La démission peut émaner de la propre initiative du chef de l’État. Il peut ainsi lier son mandat au résultat d’une consultation nationale. Tel fut le cas en octobre 1962, comme lors du référendum d’avril 1969, du général de Gaulle. Il avait conditionné son maintien au pouvoir à la victoire du oui, engageant sa responsabilité politique qui entraîna son départ après la victoire du non en 1969. La démission peut être forcée et résulter de l’ignorance par le chef de l’État du résultat des urnes. C’est Charles X qui, par une énième dissolution d’une chambre qui lui est défavorable, le 25 juillet 1830, provoque le retour des libéraux et finira chassé par la rue, en désignant sans succès son fils, le Dauphin. En République, Alexandre Millerand, élu en 1920 par le parlement, plaide dans son discours d’Évreux le 14 octobre 1923 pour un renforcement de l’autorité présidentielle. Mais en juin 1924, il devra démissionner face au Cartel des gauches qui refuse d’entrer en relation avec lui: c’est la « grève des ministères ». Il en fut de même, du départ imposé par la Chambre en 1879 au Maréchal de Mac Mahon, suite à la dissolution ratée du 16 mai 1877. Gambetta avait indiqué qu’en cas de désaveu politique par le pays, la nécessité « de se soumettre ou de se démettre » s’imposerait. Après s’être soumis, Mac Mahon se démettra deux ans plus tard.
S’il refuse de démissionner, dans quel contexte politique un chef de l’État français peut-il s’arroger les pleins pouvoirs en activant l’article 16 de la Constitution ?

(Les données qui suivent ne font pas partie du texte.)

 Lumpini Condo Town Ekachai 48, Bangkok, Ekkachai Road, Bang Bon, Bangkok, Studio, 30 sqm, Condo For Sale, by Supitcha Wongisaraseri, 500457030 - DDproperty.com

Passer la publicitéL’article 16 n’a été utilisé qu’une seule fois dans l’histoire de la Ve République: par le Général de Gaulle lors du putsch des généraux en Algérie en 1961. Il dispose que « le président de la République prend les mesures exigées » dans certaines circonstances. Ces fameuses « circonstances », sont dûment circonscrites et sous le contrôle du Conseil constitutionnel. C’est de la politique-fiction.
Emmanuel Macron est-il dans une situation inédite ?

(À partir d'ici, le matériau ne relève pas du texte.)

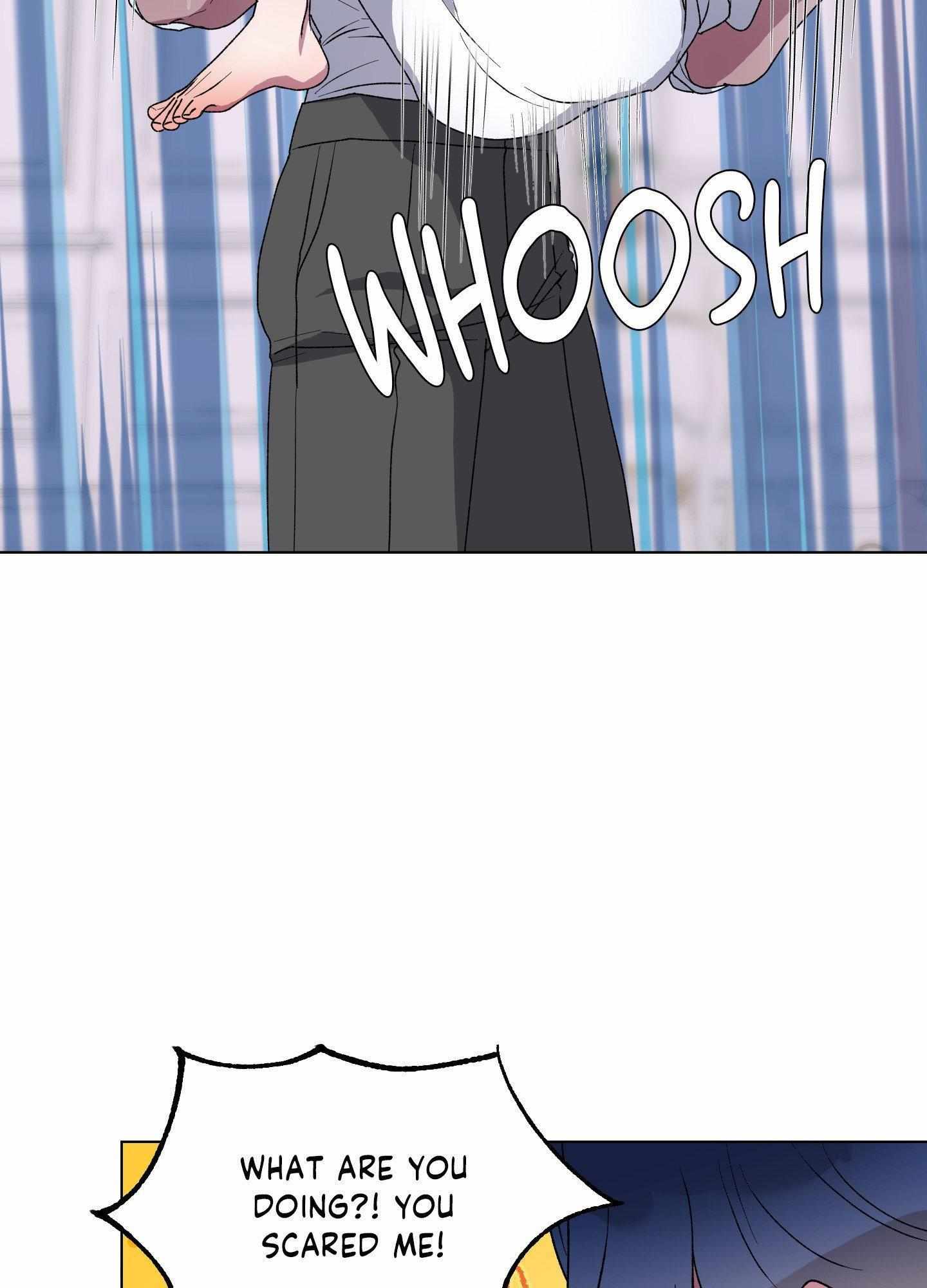 The Rabbit's Way in the Shark's Realm Chapter 10 page 57 -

Oui, dans la mesure où il ne peut se représenter immédiatement. Mais surtout, il a méconnu le sens de la dissolution voulue avec le Général de Gaulle par le père de la Constitution de 1958, Michel Debré. Dans son discours devant le Conseil d’État le 27 août 1958, il indiquait : « Elle est l’instrument de la stabilité gouvernementale. Elle peut être la récompense d’un Gouvernement qui paraît avoir réussi, la sanction d’un Gouvernement qui paraît avoir échoué. Elle permet entre le chef de l’État et la nation un bref dialogue qui peut régler un conflit ou faire entendre la voix du peuple à une heure décisive ». Le chef de l’État assure une mission d’arbitrage. À ne pas tirer les conclusions du résultat des urnes, il risque son sort. Dans l’hypothèse d’une nouvelle dissolution, dont n’émanerait aucune majorité même relative, la démission s’imposerait. Et si une majorité RN se dégageait, la cohabitation serait sans doute très dure. En somme, le choix serait entre Mac-Mahon, Millerand ou Charles X. Et, accessoirement, Emmanuel Macron n’a plus de Dauphin.